Well this isn't really an announcement about a con but more of a question. If I wanted to start up my own con (furry and cosplay for example) what would I need? And how would I get a hold of people for the special guests or whatever you call it?


----------



## SenselessMajor (Apr 26, 2010)

Not that I know a lot about it, but I have volunteered before. Here's my guess:

I have to say that for one, you'll need to pick a city, and a hotel that will support your ideas. Secondly, you'll need to plan it all out. How you'll run it, what you want and don't want, and so on. Then you will need to contact a fair few people to help out with different sections, such as gaming, art shows, and of course the con markets.  This is important! 

Then when you feel you have enough staff, plan out how and where to put them and what all you're going to include. After all that's said and done you will need your Gophers. Or Volunteers if you will. Volunteers are important, but don't make a profit out of the work. They will come in and do work that will cover for your staff if needed. 

After you have taken care of the biggest needs, then you can start spreading the word about your con. I would recommand a FREE con to start with, as you don't know if it will succeed or not, the first time arround. Until you know if your convention was worth attending, always start with a freebee. If and when you succeed, you and your staff can plan the costs for next year!

That's the best advice I have. I've only ever been a Volunteer, but I do talk to Con owners a lot. :3

Hope you have some better advice later on~!


----------



## Steel_Wolf (Apr 27, 2010)

Well for a city it would be Tucson, AZ and I had the Hotel Arizona in mind. That whole how will I run it thing has been thought out for sometime now. I didn't even know there was anything as a free con, I'll try that.

Thanks for being awesome


----------



## SenselessMajor (Apr 27, 2010)

Steel_Wolf said:


> Well for a city it would be Tucson, AZ and I had the Hotel Arizona in mind. That whole how will I run it thing has been thought out for sometime now. I didn't even know there was anything as a free con, I'll try that.
> 
> Thanks for being awesome



Haha! Well in Atlanta, GA every March, there's a free con called "Momocon"

So yes, there is one. xD


----------



## Taren Fox (Apr 27, 2010)

A ton of money to start. D:


----------



## SenselessMajor (Apr 27, 2010)

Taren Fox said:


> A ton of money to start. D:



Not in all situations. You WILL need that to pay the hotel, but you can plan that out with the rest of the staff in charge.


----------



## Steel_Wolf (Apr 27, 2010)

Yeah, actually I thought that the first free con would be like in a park (I would still need money but it wouldn't be as costly). But also I want to do one in Tucson because there hasn't been a furcon for years now.


----------



## SenselessMajor (Apr 27, 2010)

Steel_Wolf said:


> Yeah, actually I thought that the first free con would be like in a park (I would still need money but it wouldn't be as costly). But also I want to do one in Tucson because there hasn't been a furcon for years now.

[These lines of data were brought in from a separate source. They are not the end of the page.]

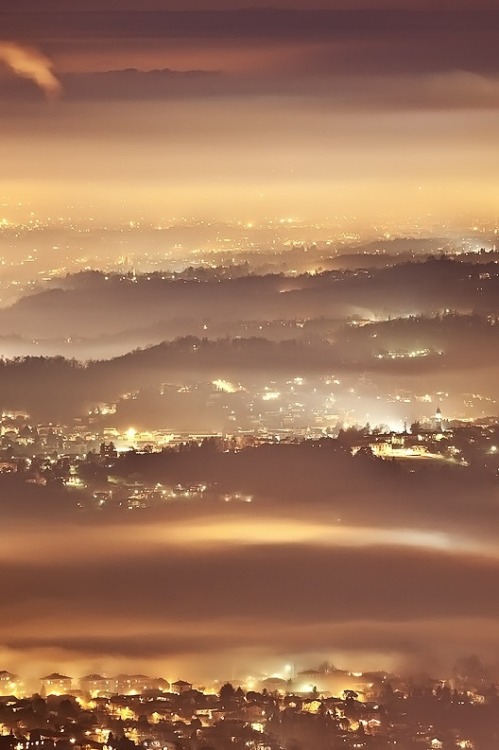 r2&ndash;d2:  Varese by night | Omar Alberti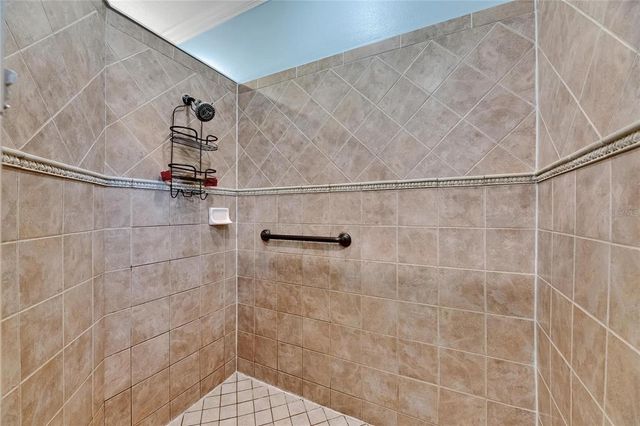 5728 SUNSET FALLS DRIVE, Apollo Beach, FL 33572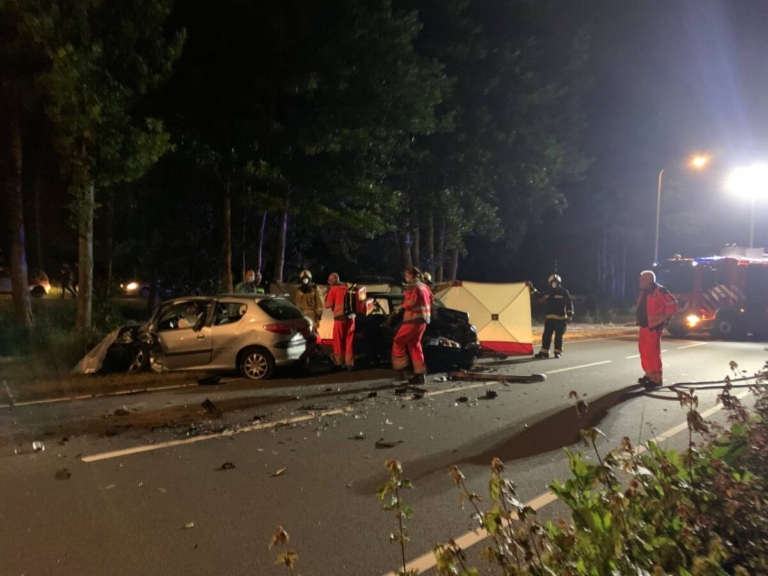 Persoon gewond en veel schade bij frontale aanrijding in Assen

I've never been to a fur con, but I'm into mascoting so the one in Denver will be my first. I just really wish someon would cosplay the Toon patrol with me. :c







I'm going to be Psycho. xD


----------



## GraemeLion (Apr 27, 2010)

The other things you would need would be money.  A convention at a hotel will sign you to a contract, requiring you to fill x number of rooms at y rate.  

They then will give you a discount (or free usage) of convention space.

You'll also need insurance, and other such things in place.

I'd recommend talking to people like Tigerpaw or Tygercowboy or Kage and asking what is necessary to start a convention, what they'd do differently.

Remember, this is, at its heart, a business.  You're going to be contracting with a hotel and they're going to want things to be as professional as possible.

Good luck!


----------



## GraemeLion (Apr 27, 2010)

Also re: guest of honor, I don't know precisely how it's done in Furry, but I imagine it's similar to sci-fi.

GoH's don't pay for the weekend.  At all.  They tend to get free food, free rooms, and free transportation.


----------



## Steel_Wolf (Apr 28, 2010)

Well again Graeme, the plan is to make it a free con to start out with so there wouldn't be a lot of guests of honor or even much of a hotel.


----------